DATASET RECORDS Start Marker
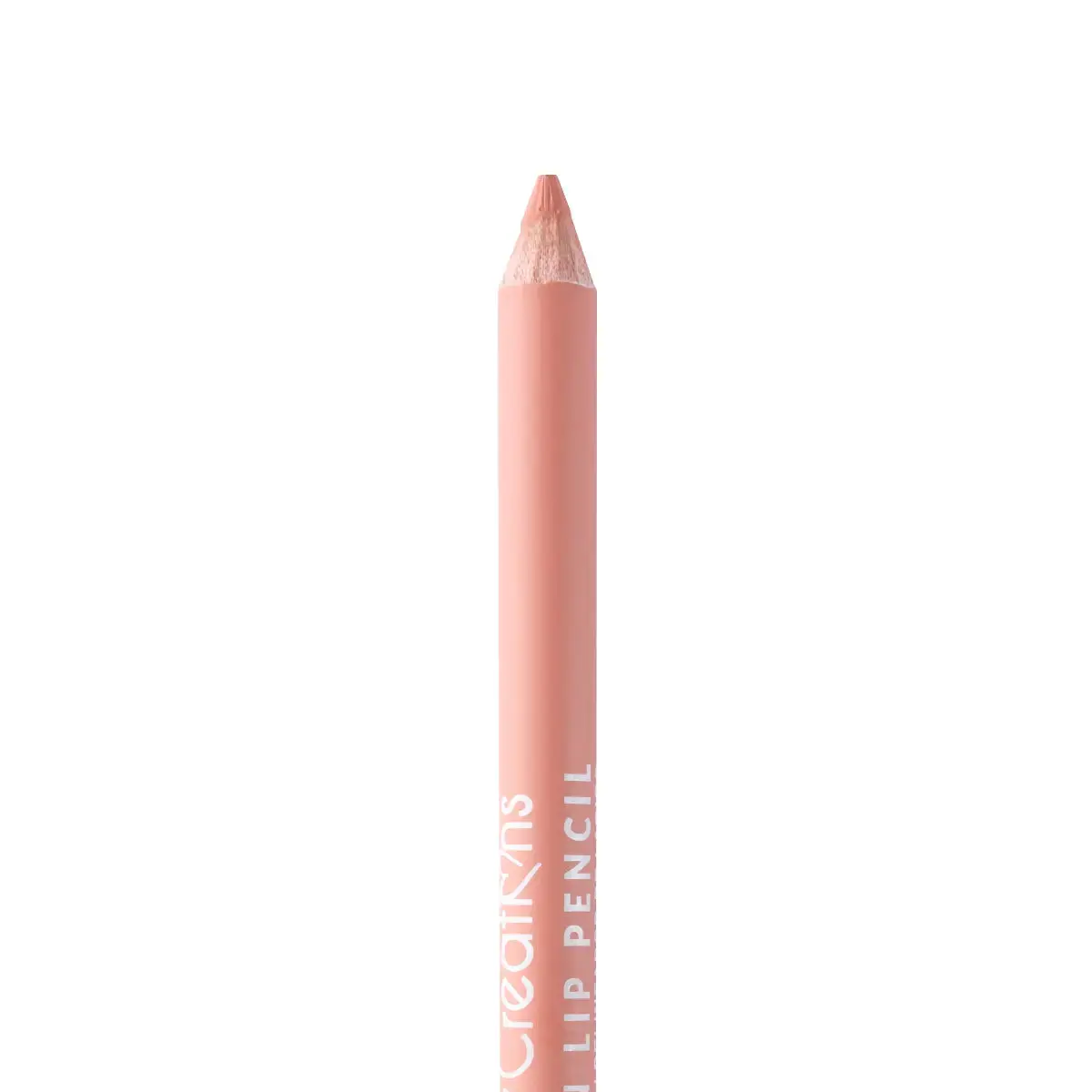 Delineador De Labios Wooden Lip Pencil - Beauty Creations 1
DATASET RECORDS End Marker
DATASET RECORDS Start Marker
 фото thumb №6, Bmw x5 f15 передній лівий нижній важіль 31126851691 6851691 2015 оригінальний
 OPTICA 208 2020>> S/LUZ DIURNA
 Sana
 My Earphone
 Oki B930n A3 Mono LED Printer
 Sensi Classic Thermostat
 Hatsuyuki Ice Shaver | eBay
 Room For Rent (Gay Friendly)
DATASET RECORDS End Marker
• **TASK ITEM**
Working from the data above, extract solely the lines from the one containing "OPTICA 208 2020>> S/LUZ DIURNA" through the one containing "Room For Rent (Gay Friendly)", exactly as they appear, both included.

• **FINISHED EXERCISE**
 OPTICA 208 2020>> S/LUZ DIURNA
 Sana
 My Earphone
 Oki B930n A3 Mono LED Printer
 Sensi Classic Thermostat
 Hatsuyuki Ice Shaver | eBay
 Room For Rent (Gay Friendly)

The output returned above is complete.